Career change at 50: why it’s the perfect age to rediscover your purpose
Five women who have done it share their stories and advice.
Often with decades of professional experience, fewer personal commitments and greater self confidence, your fifties can be a brilliant time to reassess your working life and try something new
Sure, a career change at 30 or even at 40 sounds doable — but at 50? It could be easy to assume that by this age, your path in life has been set.
However, starting a new profession in your fifties is more common than you might realise. “Of the women I work with, I would say that approximately 50% of them are 50 and over,” says Hannah Miller, a Gallup Certified Strengths Coach and Founder of sidekick.
It’s a period when there can often be significant changes in your personal life, whether that’s children leaving home, the menopause, divorce, remarriage, relocation or the loss of loved ones. “Moments of transition in our personal life can often play out in our career journey too — one season change leads to another,” says Hannah. “I find many of the women I work with can be feeling like they have outgrown an environment, that it no longer ‘fits’ the stage of life that they now find themselves in.”

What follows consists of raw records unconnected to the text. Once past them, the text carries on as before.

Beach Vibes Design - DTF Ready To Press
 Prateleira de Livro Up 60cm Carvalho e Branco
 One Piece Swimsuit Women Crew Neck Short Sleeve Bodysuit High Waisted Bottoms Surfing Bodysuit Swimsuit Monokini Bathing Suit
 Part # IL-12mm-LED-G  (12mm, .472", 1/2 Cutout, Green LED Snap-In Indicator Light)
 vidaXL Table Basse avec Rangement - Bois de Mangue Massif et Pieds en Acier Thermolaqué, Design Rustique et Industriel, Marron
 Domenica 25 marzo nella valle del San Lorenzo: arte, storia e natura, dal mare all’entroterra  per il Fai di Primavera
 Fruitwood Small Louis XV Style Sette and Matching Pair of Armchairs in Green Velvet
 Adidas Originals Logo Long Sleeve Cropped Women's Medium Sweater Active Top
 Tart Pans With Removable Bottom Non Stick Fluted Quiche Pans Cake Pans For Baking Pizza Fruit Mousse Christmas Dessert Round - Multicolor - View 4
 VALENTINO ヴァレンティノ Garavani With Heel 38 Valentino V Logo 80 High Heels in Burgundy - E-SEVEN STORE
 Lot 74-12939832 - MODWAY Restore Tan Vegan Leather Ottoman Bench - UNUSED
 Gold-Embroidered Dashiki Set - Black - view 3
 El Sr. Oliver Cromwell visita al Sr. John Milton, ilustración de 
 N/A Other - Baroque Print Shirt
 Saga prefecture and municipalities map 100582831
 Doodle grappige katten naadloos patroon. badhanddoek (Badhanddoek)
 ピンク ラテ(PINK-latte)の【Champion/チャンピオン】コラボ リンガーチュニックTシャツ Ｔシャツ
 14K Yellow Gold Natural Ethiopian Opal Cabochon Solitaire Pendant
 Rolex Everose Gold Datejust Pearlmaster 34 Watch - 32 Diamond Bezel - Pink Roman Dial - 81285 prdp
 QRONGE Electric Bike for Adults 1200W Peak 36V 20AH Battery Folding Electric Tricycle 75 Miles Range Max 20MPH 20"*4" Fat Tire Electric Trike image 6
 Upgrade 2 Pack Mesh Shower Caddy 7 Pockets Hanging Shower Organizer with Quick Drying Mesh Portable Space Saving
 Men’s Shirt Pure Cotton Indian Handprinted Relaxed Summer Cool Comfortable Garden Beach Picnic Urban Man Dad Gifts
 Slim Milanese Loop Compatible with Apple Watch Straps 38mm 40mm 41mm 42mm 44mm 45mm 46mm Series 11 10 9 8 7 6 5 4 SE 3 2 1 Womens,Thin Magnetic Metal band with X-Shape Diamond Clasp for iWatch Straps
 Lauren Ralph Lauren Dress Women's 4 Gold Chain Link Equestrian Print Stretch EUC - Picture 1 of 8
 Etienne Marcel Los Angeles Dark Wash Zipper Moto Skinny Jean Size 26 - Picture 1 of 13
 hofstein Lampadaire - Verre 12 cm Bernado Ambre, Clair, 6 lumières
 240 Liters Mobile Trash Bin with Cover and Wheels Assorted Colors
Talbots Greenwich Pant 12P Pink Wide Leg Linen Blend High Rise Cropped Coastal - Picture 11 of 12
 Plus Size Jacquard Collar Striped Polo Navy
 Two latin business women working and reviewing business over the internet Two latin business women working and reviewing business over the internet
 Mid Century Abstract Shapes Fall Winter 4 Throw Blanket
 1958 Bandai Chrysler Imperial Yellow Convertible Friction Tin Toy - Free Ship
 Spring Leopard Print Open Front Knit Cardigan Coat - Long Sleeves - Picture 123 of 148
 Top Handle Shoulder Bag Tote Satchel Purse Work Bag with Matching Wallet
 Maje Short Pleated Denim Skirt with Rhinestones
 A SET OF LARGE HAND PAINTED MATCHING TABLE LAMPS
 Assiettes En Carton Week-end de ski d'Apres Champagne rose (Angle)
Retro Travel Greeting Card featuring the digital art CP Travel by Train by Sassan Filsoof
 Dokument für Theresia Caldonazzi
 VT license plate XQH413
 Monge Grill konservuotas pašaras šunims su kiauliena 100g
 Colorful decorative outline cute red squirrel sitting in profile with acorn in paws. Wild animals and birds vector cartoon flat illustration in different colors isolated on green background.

It’s also a time of life when our priorities might shift. “As we age, we can care less about proving ourselves with status or financial gain, and more about discovering more of who we are and what we can contribute,” says Hannah. “We might be more comfortable in ourselves, and able to see the bigger picture of a team and the purpose of an organisation. There’s arguably less ego at play for many women in this life stage, especially if they have committed to their self development over the years that preceded.”
For all these reasons and more, it can be the perfect time to apply your experience and skills to a brand new field. Here, we meet five women who have done exactly that, and rediscovered a sense of purpose along the way.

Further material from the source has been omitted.